* EXERCISE AIM:
Give each line of the records again exactly and omit every picture.
=== Begin Enclosure ===
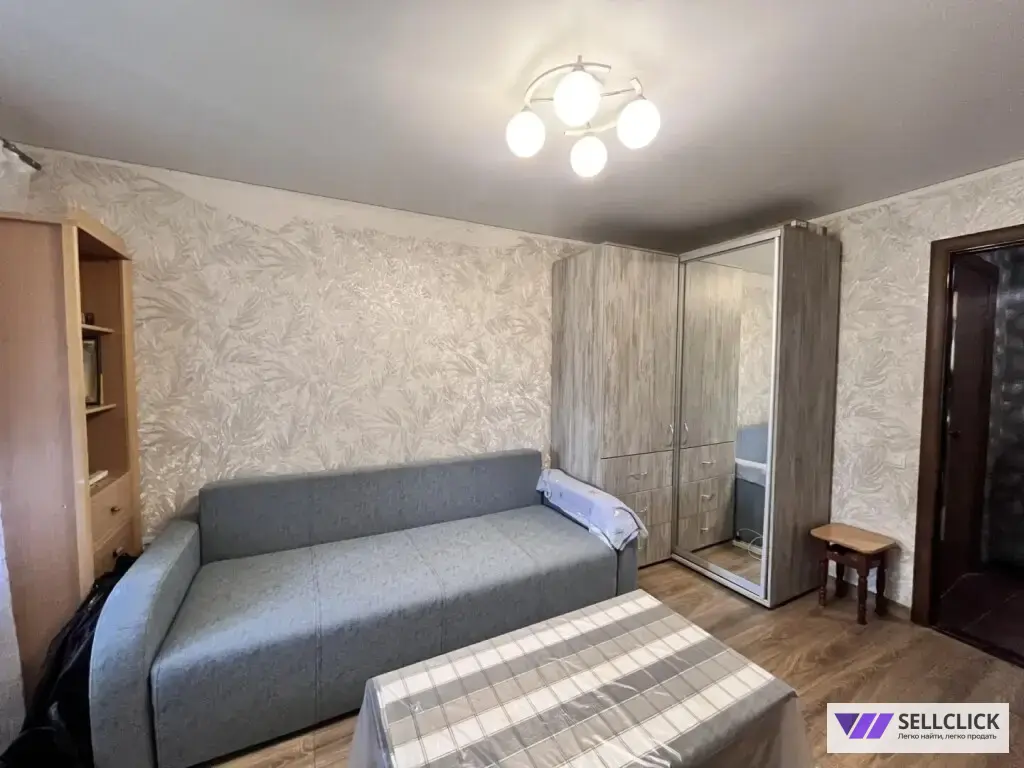Квартира 2 комнаты, 50 м², 5/5 эт., Агент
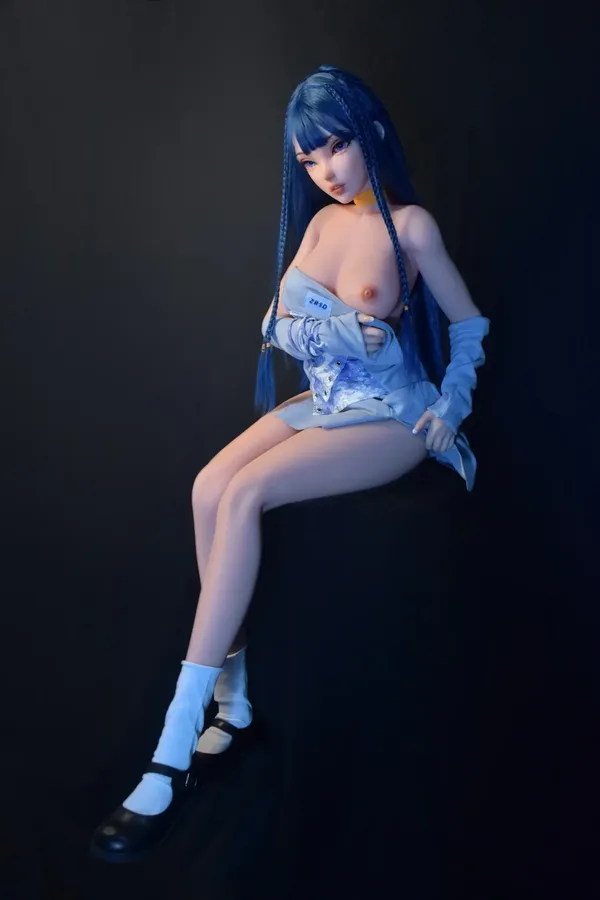 Elsa Babe Miyamoto Kyok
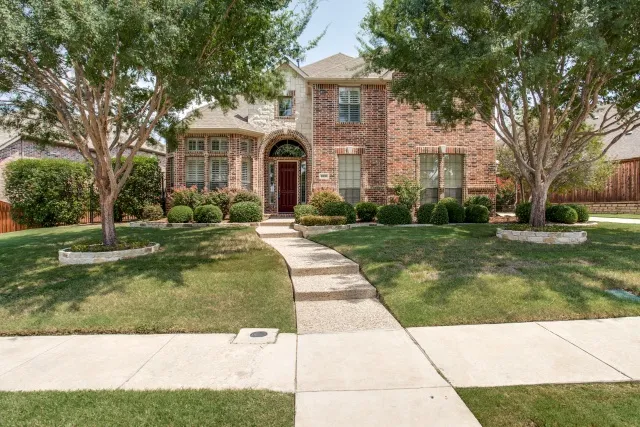 2522 Melissa Ln, Carrollton, TX, 75006 — ảnh 9
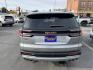 2026 Grey /Grey GMC Acadia Elevation (1GKENNKS4TJ) with an 2.5L L4 DOHC 16V engine, 9A transmission, located at 116 5th Avenue South, Lewistown, MT, 59457, 47.063877, -109.427879 - 2026 GMC Acadia Elevation AWD — a great-looking midsize SUV that gives you the perfect combination of style, comfort, technology and all-weather capability. The Acadia has been completely redesigned with a bold, upscale look and a spacious interior that makes it equally comfortable for daily drivi- Photo#3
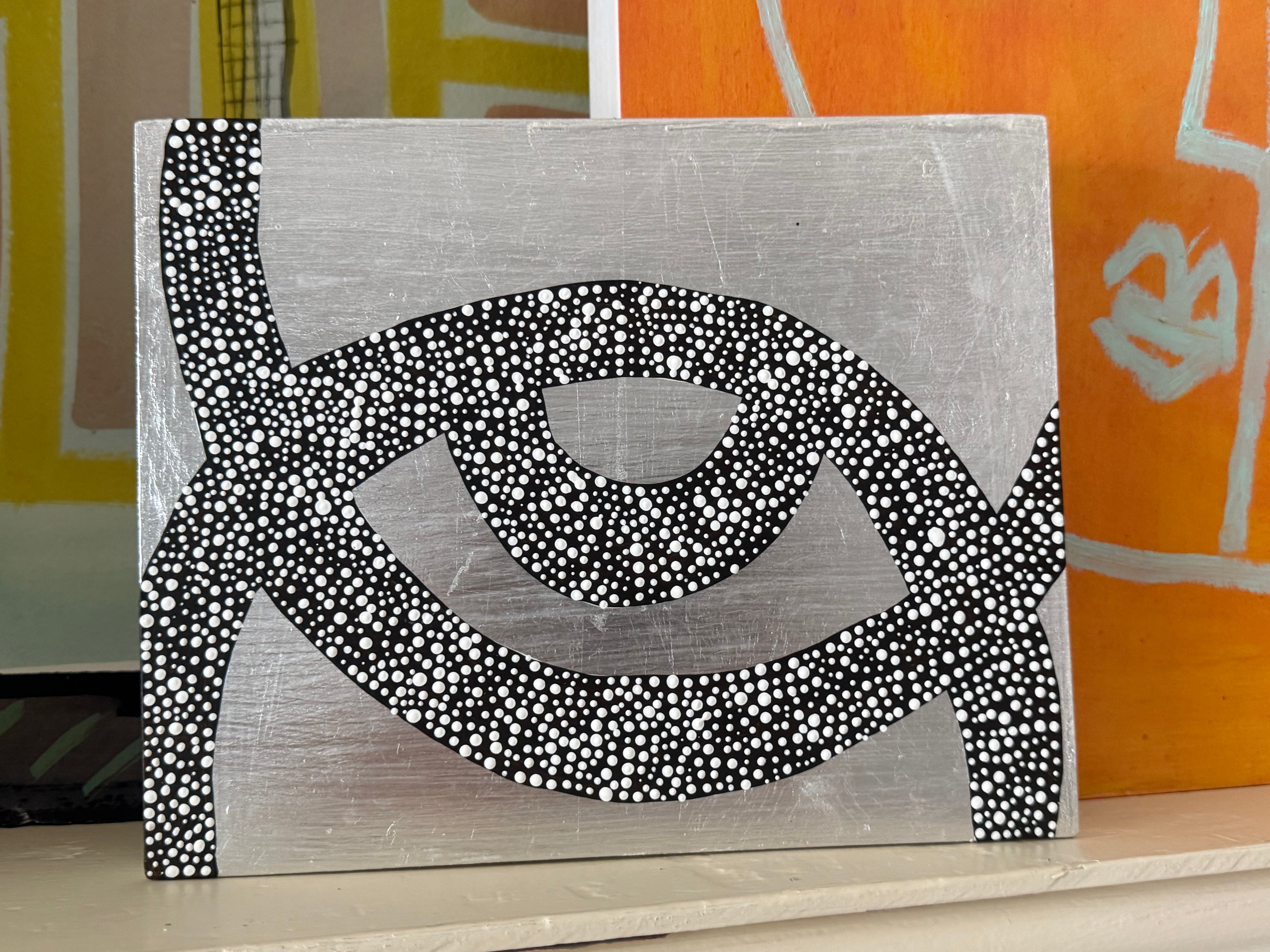 See Eye IV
=== End Enclosure ===
* EXERCISE ANSWER:
Квартира 2 комнаты, 50 м², 5/5 эт., Агент
 Elsa Babe Miyamoto Kyok
 2522 Melissa Ln, Carrollton, TX, 75006 — ảnh 9
 2026 Grey /Grey GMC Acadia Elevation (1GKENNKS4TJ) with an 2.5L L4 DOHC 16V engine, 9A transmission, located at 116 5th Avenue South, Lewistown, MT, 59457, 47.063877, -109.427879 - 2026 GMC Acadia Elevation AWD — a great-looking midsize SUV that gives you the perfect combination of style, comfort, technology and all-weather capability. The Acadia has been completely redesigned with a bold, upscale look and a spacious interior that makes it equally comfortable for daily drivi- Photo#3
 See Eye IV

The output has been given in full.